Visualizing the Scoreline Matrix

A heatmap of the scoreline probability matrix provides an intuitive view of the most likely outcomes.

"""
Poisson Soccer Model — Visualization
"""
import matplotlib.pyplot as plt
import seaborn as sns

def plot_scoreline_matrix(score_matrix: np.ndarray, home_team: str, away_team: str):
    """Plot scoreline probability matrix as a heatmap."""
    max_goals = min(6, score_matrix.shape[0])
    display_matrix = score_matrix[:max_goals, :max_goals]

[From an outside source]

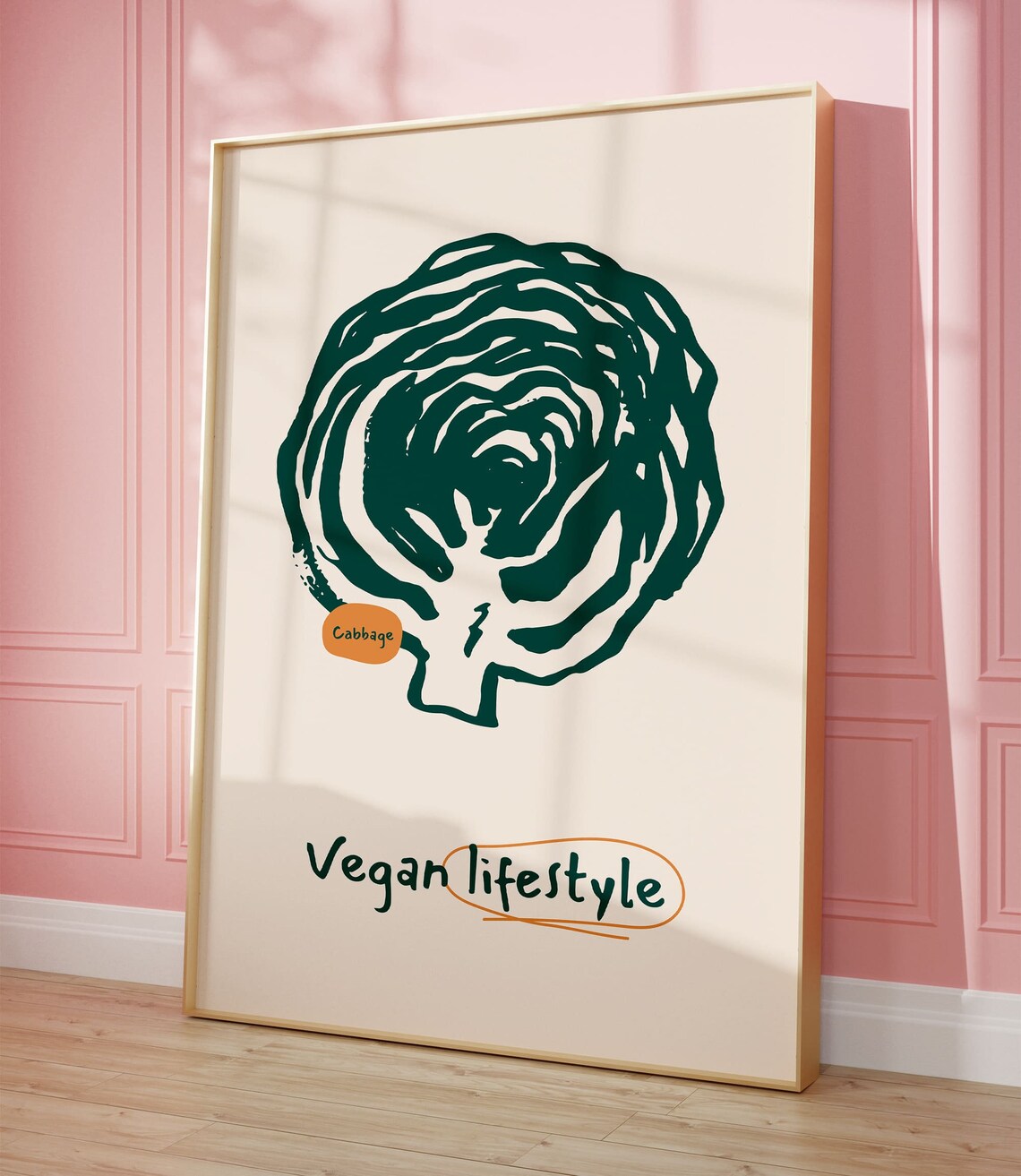 Cabbage Vegan Lifestyle Green Kitchen Food Illustration Art Poster - Image 2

    fig, ax = plt.subplots(figsize=(8, 6))
    sns.heatmap(
        display_matrix,
        annot=True,
        fmt=".3f",
        cmap="YlOrRd",
        xticklabels=range(max_goals),
        yticklabels=range(max_goals),
        ax=ax,
    )
    ax.set_xlabel(f"{away_team} Goals")
    ax.set_ylabel(f"{home_team} Goals")
    ax.set_title(f"Scoreline Probabilities: {home_team} vs {away_team}")
    plt.tight_layout()
    plt.savefig("scoreline_heatmap.png", dpi=150)
    plt.show()

plot_scoreline_matrix(result["score_matrix"], home_team, away_team)

Identifying Value Bets

The power of the Poisson model lies in comparing its probability estimates to bookmaker odds. When our model assigns a higher probability to an outcome than the implied probability from the market odds, we have a potential value bet.

"""
Poisson Soccer Model — Value Bet Identification
"""

def find_value_bets(
    model_probs: dict,
    market_odds: dict,
    min_edge: float = 0.05
) -> list:
    """
    Compare model probabilities to market odds and identify value bets.

    Args:
        model_probs: dict with keys like 'home_win', 'draw', 'away_win',
                     'Over 2.5', 'btts_yes', etc.
        market_odds: dict with same keys, values are decimal odds.
        min_edge: minimum edge (model_prob - implied_prob) to flag.

    Returns:
        List of dicts describing value bets found.
    """
    value_bets = []

    # Calculate total implied probability (overround)
    total_implied = sum(1 / odds for odds in market_odds.values())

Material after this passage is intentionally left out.